An Active Voice in Internal Audit Reports Inspires Action

An Active Voice in Internal Audit Reports Inspires Action

One of the complaints we hear most from internal auditors — and their clients — across the world is that lengthy reports often don’t prompt action. During our practitioner days, we were often disappointed when internal audit reports we labored long and hard to craft often landed with a deafening silence. It wasn’t that the client didn’t agree with our conclusions. It was often a case that the passive nature of the report failed to inspire action. 

Through delivering training to internal audit teams across the world, Sara has seen both entrenched habits and a desire for change. How can we approach reporting differently, by focusing on something that puts the spotlight on action? In this piece, we will share how you can master a surprising writing trick that makes reports clear, credible, and compelling — shifting from passive to active voice. 

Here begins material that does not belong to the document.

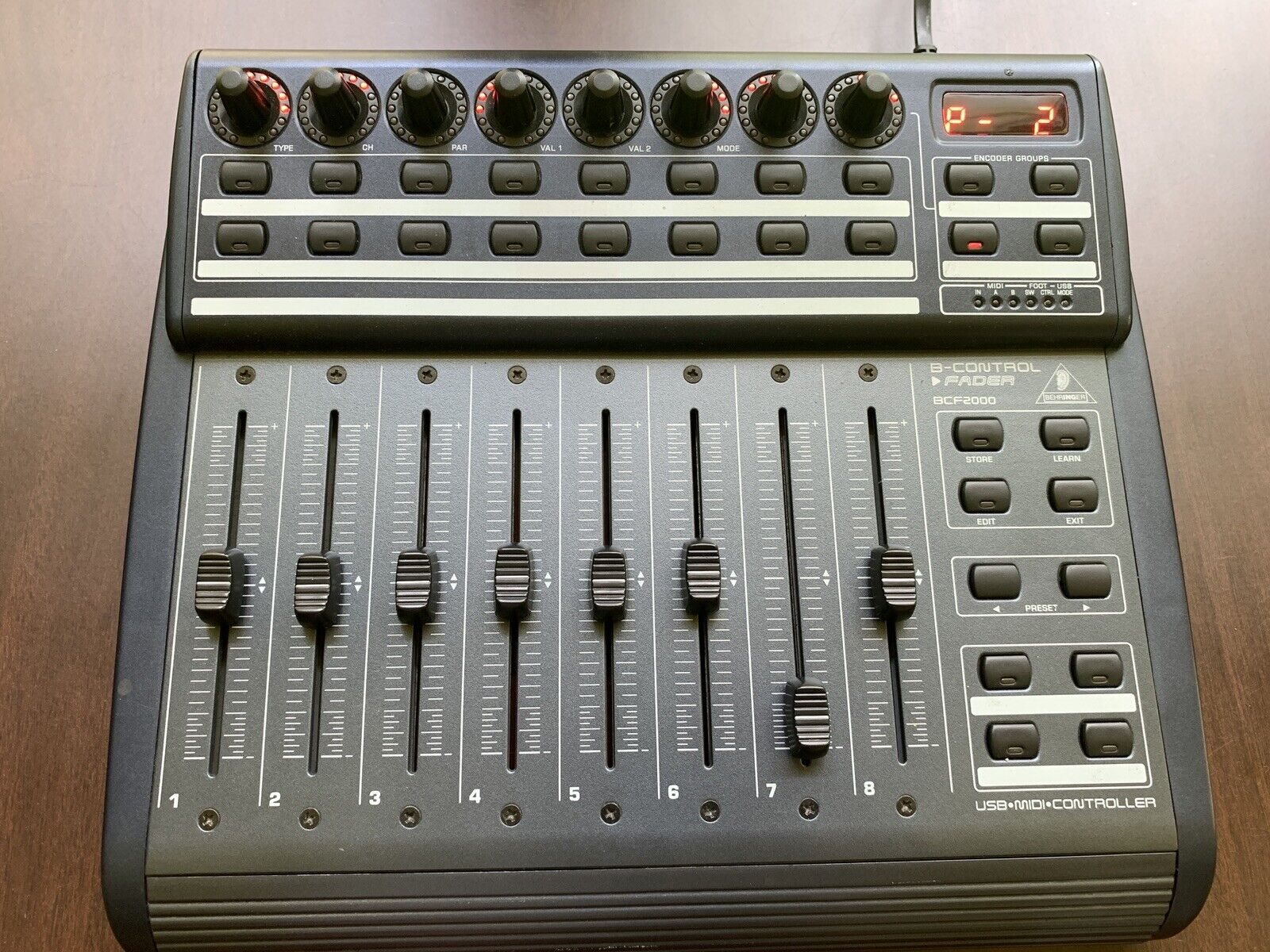 Behringer BCF2000 B-CONTROL FADER USB MIDI Controller - Fresh Stock Dated February 2026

Demystifying Active vs. Passive Voice: A Practical Approach 

We’ve all experienced the disappointment of no one following up on important observations. It’s all too easy to blame first-line managers for not leaping into action — but what if it wasn’t clear they were meant to? What if your recommendation stated that, “The server should be upgraded,” “The process should be documented, approved, and communicated,” or something similar?

This passive phrasing will be familiar to many internal auditors and indeed many corporate communicators. Mistakes are made, but lessons are learned. Steps are taken and investigations are launched. Controls haven’t been performed, but improvements will be made. If you feel less than persuaded by this kind of wording, you’re not alone!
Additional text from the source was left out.